=================================================================
MEMAHAMI MAKSUD AJARAN SOSIAL GEREJA
Dapat
dipersoalkan sejauh mana Gereja berhak bersuara terhadap masalah-masalah
social. Bukankah Gereja lebih berurusan dengan bidang iman? Benar. Tetapi tugas
pengutusan Gereja juga meluas ke ‘segala sesuatu yang berhubungan dengan hukum
moral’ (QA 41), sekaligus Gereja juga memiliki ‘hak dan kewajiban uantuk
bersuara dengan penuh wewenang atas masalah-masalah social dan ekonomi’. Alasan
yang membenarkan Gereja untuk mengadakan intervensi ke dalam masalah-masalah
social adalah:
1. Masalah-masalah
social pada umumnya dan di masyarakat kita pada khususnya tak dapat dirumuskan
semata-mata dari segi teknis dari kenyataan-kenyataan social, ekonomis dan
politis. Di dalamnya, juga termuat masalah
moral dan etis. Iman kristiani diharapkan menerangi suara hati dan memungkinkan
orang kristiani untuk memenuhi kewajibannya dalam konteks historis tertentu
dengan tetap memiliki keterbukaan terhadap yang transenden.
2. Masalah-masalah
social pada umumnya, dan khususnya masalah ketidakadilan social kerap kali
berasal dari kecenderungan manusia untuk mementingkan dirinya, atau dalam
istilah teologis bersumber dari kedosaan manusia. Ketidakadilan social
sebagaimana terjadi dalam bentuk jurang kaya miskin, penghisapan manusia atas
manusia, pengangguran, pemiskinan, perkosaan hak-hak kaum miskin dsb merupakan
ungkapan dari situasi-situasi keberdosaan manusia.
3.
Gereja
prihatin terhadap akibat-akibat dari
permasalahan social itu karena kondisi-kondisi hidup yang tidak layak merupakan
kendala bagi keselamatan manusia.

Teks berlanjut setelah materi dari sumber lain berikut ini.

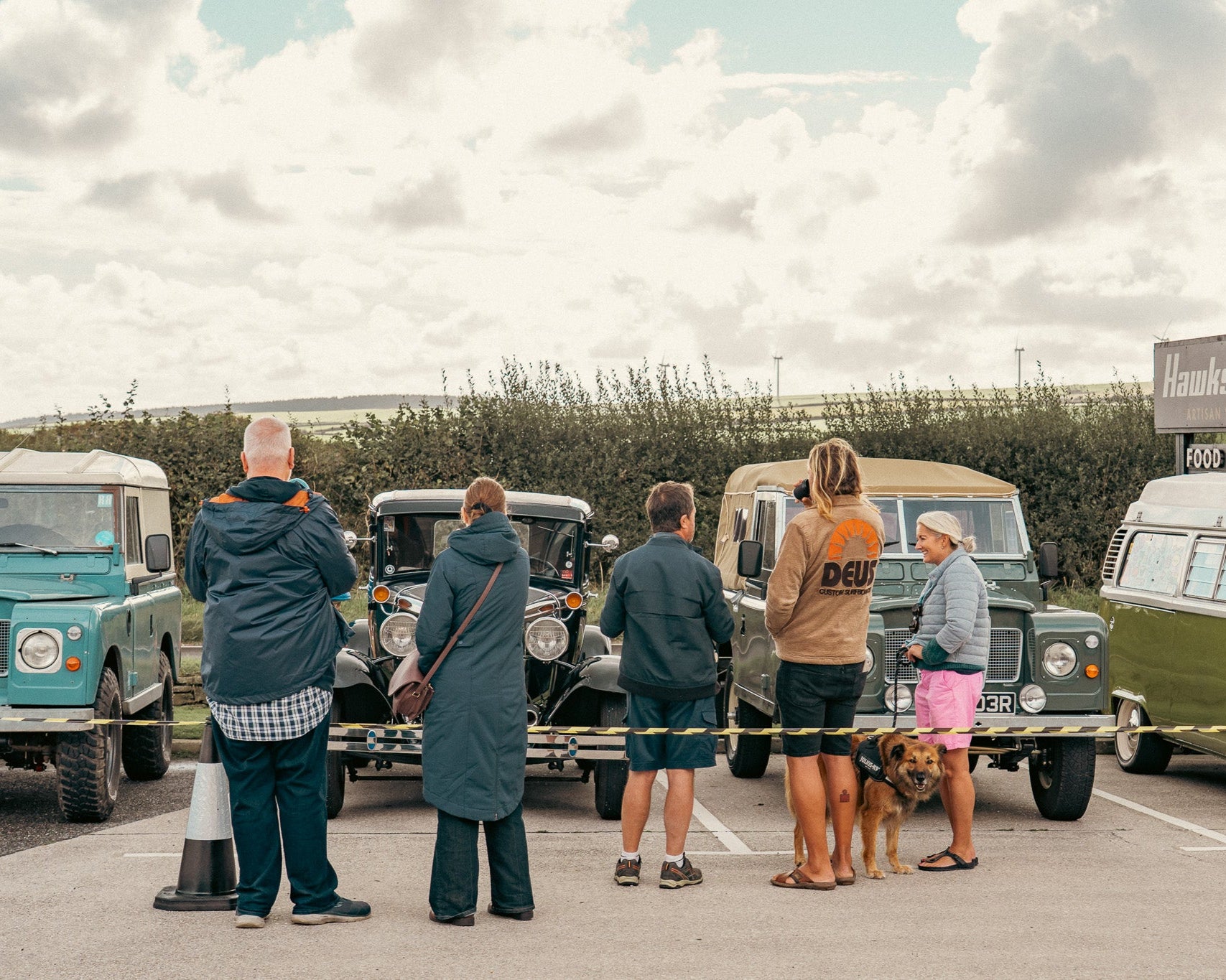 Group of people standing near vintage vans in a parking lot with a cloudy sky.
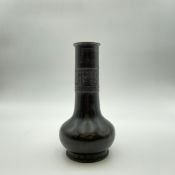 An archaistic Chinese bronze bottle vase with a tall narrow stem having a collar decorated with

Situasi-situasi itu menggerogoti martabat
manusia dan merupakan ungkapan dari pandangan materialistis terhadap manusia
dan masyarakat. Permasalahan martabat manusia dan pandangan materialistis itu
tidak sesuai dengan inspirasi Injil.
4.
Ajaran
Gereja tentang permasalahan social itu dan tanggapan umat kristiani terhadapnya
merupakan bagian dari pandangan hidup kristiani. Di beberapa tempat, umat
kristiani merupakan minoritas yang hidup ditengah-tengah masyarakat yang
memiliki masalah-masalah social yang tumpang tindih. Sumbangan pandangan hidup
kristiani yang terwujud dalam praksis hidupnya sangat dibutuhkan untuk membantu
menyelesaikan masalah ketidakadilan social dalam praksis pembangunan.
Meskipun
Gereja dalam ajaran sosialnya bersuara secara otoritas mengenai masalah-masalah
ketidakadilan social, ajaran-ajaran social Gereja itu bukanlah semacam ‘obat
manjur’ untuk menyembuhkan penyakit atas luka-luka social. Dalam ensiklik
sosialnya Paul JP II berkata:
Gereja tidak
memiliki pemecahan-pemecahan teknis yang ditawarkan untuk masalah
keterbelakangan begitu saja. Oleh karena Gereja tidak menganjurkan
system-sistem atau program-program ekonomi dan politik, juga tidak memihak yang
satu atau yang lain, asalkan martabat manusia diindahkan sepatutnya dan dimajukan,
dan asalkan Gereja sendiri diberi peluang yang diperlukannya untuk menjalankan
pelayanannya di dalam dunia (SRS 41)
Ajaran
social Gereja bukanlah ideology atau pun analisis social ilmiah, meskipun di
dalamnya termuat juga analisa-analisa yang tajam atas masyarakat, Negara dan
manusia. Lebih tepat dikatakan bahwa Gereja dalam imannya lewat ajaran-ajaran
social itu memberikan tanggapan iman dan memberi pengarahan tindakan iman bagi
umat kristiani yang hidup dalam msalah-masalah ketidakadilan social itu.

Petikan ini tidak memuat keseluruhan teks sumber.